ACTION ITEM
Below are some records. Retype exactly the lines from the one containing "Snapshot of txan9876" through the one containing "Plasma 桌布 壁紙", both included, skipping every picture.

INFORMATION SHOWN
§ §

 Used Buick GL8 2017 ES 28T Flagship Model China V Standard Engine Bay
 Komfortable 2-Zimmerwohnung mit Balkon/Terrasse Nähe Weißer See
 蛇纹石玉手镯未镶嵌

§ §

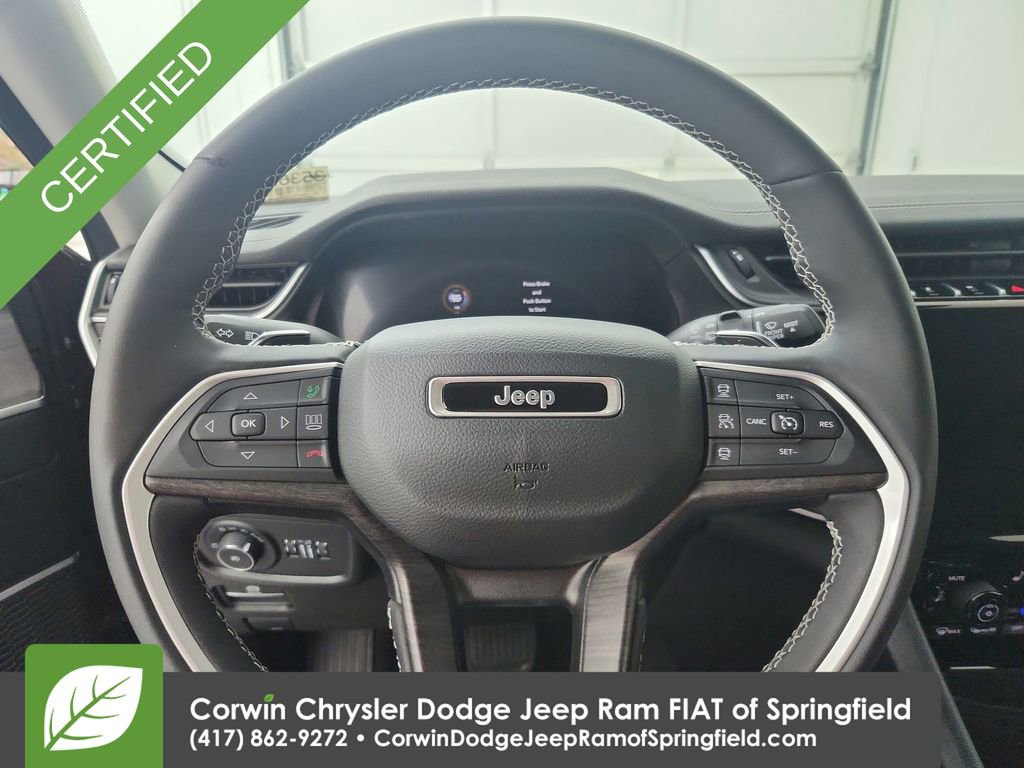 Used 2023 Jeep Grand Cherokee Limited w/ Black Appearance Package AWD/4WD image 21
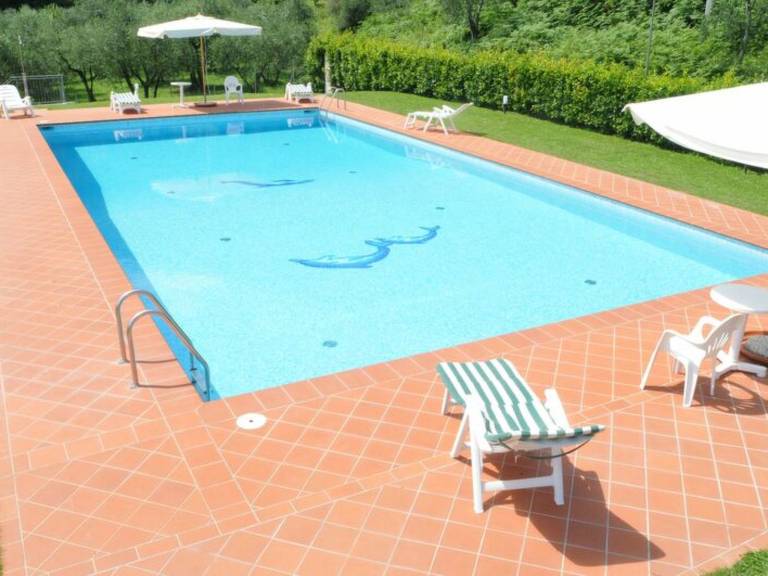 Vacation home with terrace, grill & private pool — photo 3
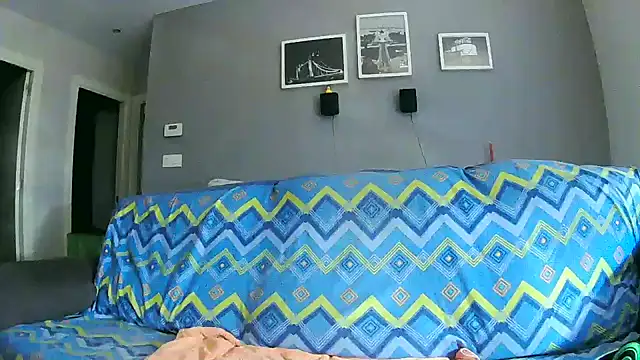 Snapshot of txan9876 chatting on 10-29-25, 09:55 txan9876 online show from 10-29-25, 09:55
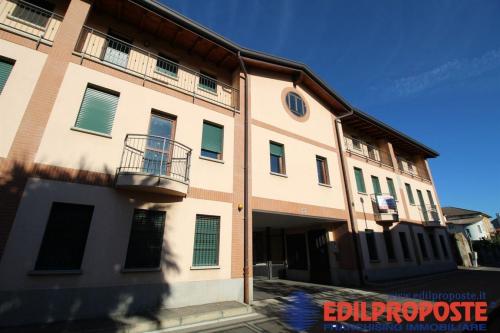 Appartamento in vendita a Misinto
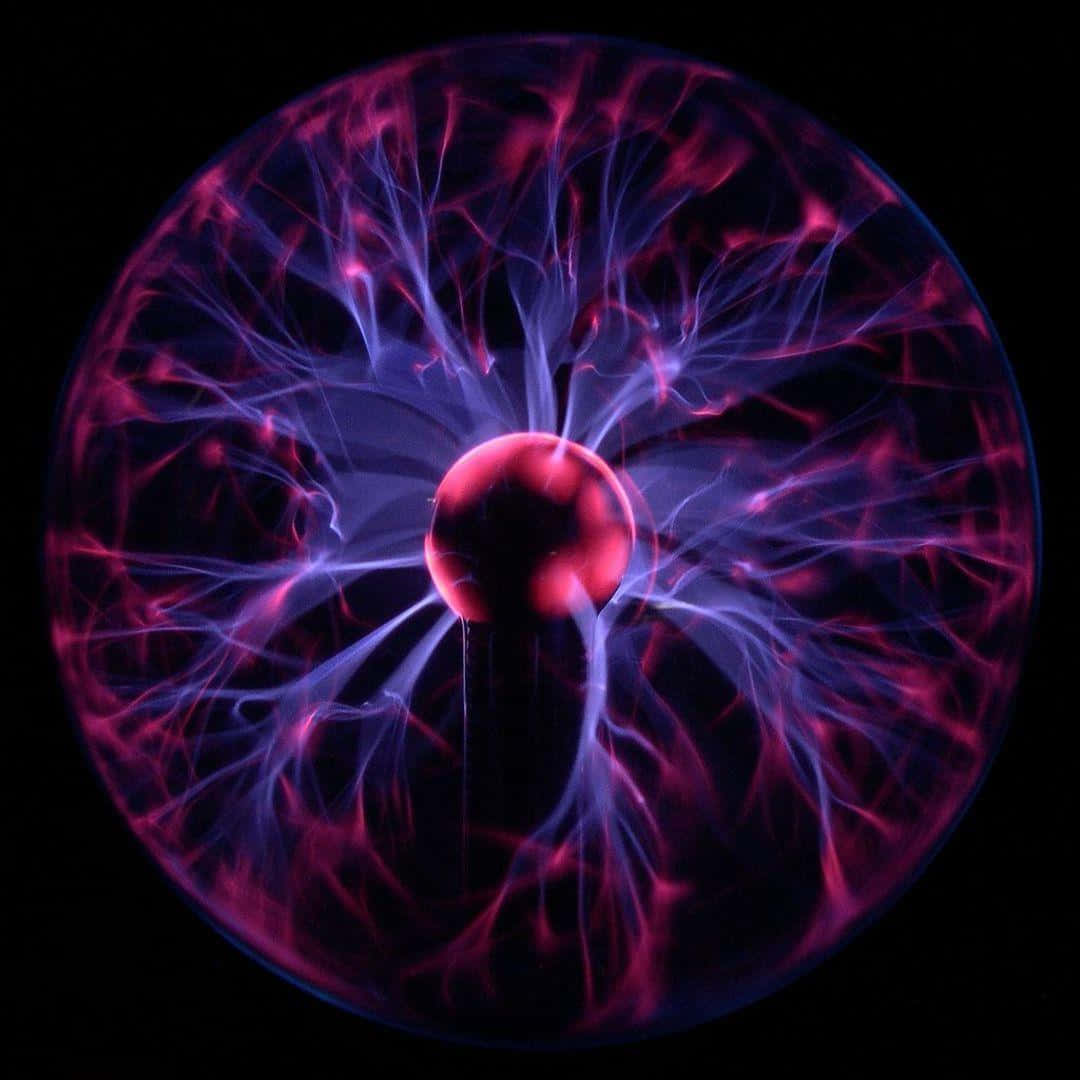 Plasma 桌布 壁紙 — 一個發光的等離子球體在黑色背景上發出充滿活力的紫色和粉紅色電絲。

§ §

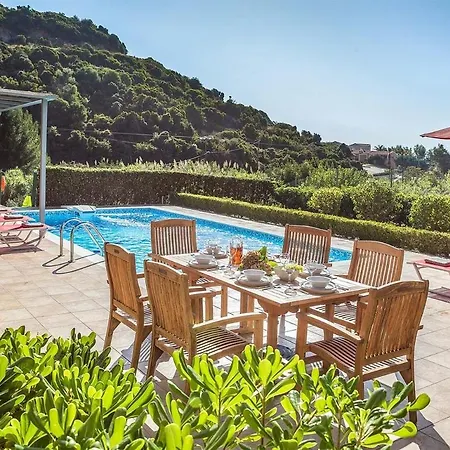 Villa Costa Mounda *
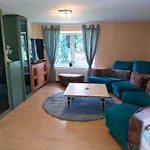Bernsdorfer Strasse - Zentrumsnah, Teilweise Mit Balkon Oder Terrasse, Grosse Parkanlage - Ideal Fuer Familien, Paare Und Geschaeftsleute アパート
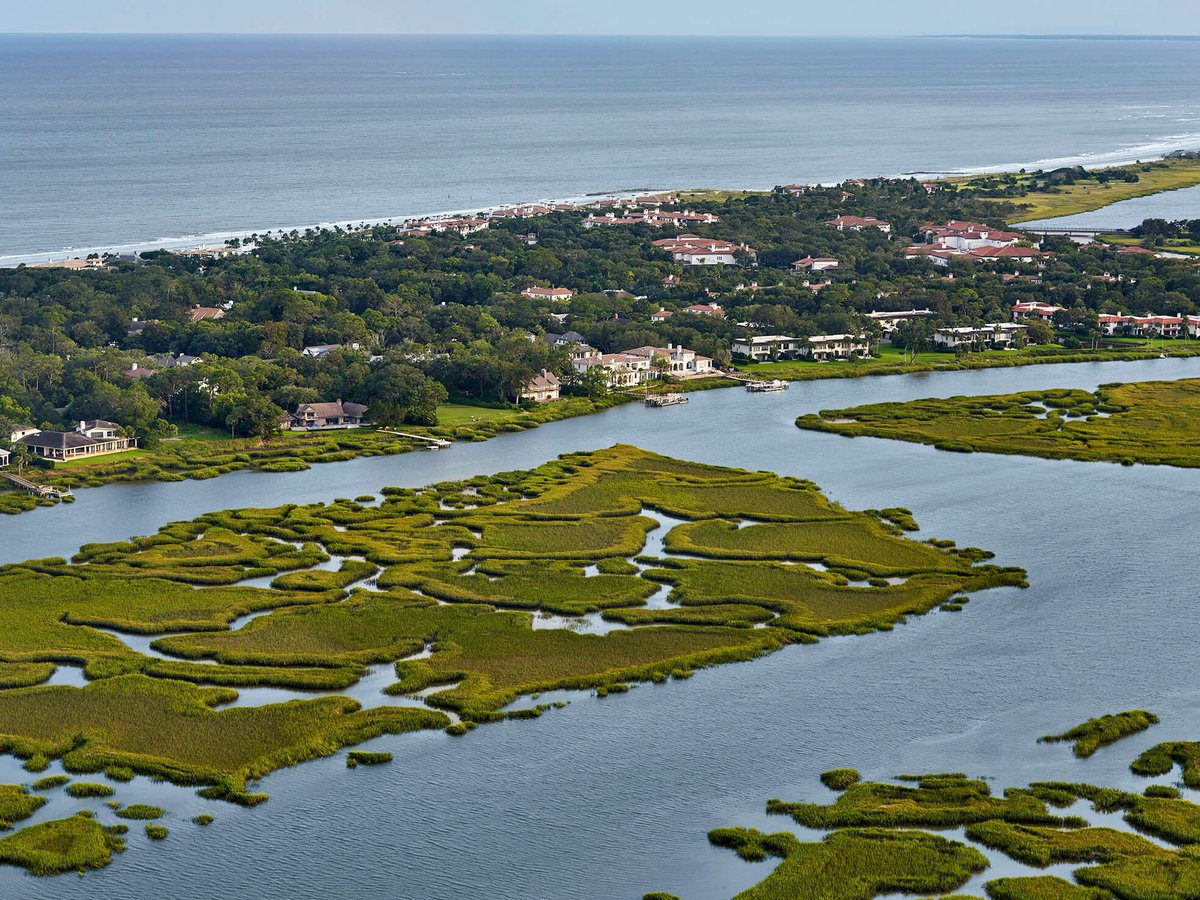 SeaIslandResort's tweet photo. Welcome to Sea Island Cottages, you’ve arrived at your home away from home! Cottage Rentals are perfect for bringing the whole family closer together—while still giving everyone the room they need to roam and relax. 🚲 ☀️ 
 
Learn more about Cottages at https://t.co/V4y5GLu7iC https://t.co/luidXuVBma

§ §

EXERCISE RESULT
 Snapshot of txan9876 chatting on 10-29-25, 09:55 txan9876 online show from 10-29-25, 09:55
 Appartamento in vendita a Misinto
 Plasma 桌布 壁紙 — 一個發光的等離子球體在黑色背景上發出充滿活力的紫色和粉紅色電絲。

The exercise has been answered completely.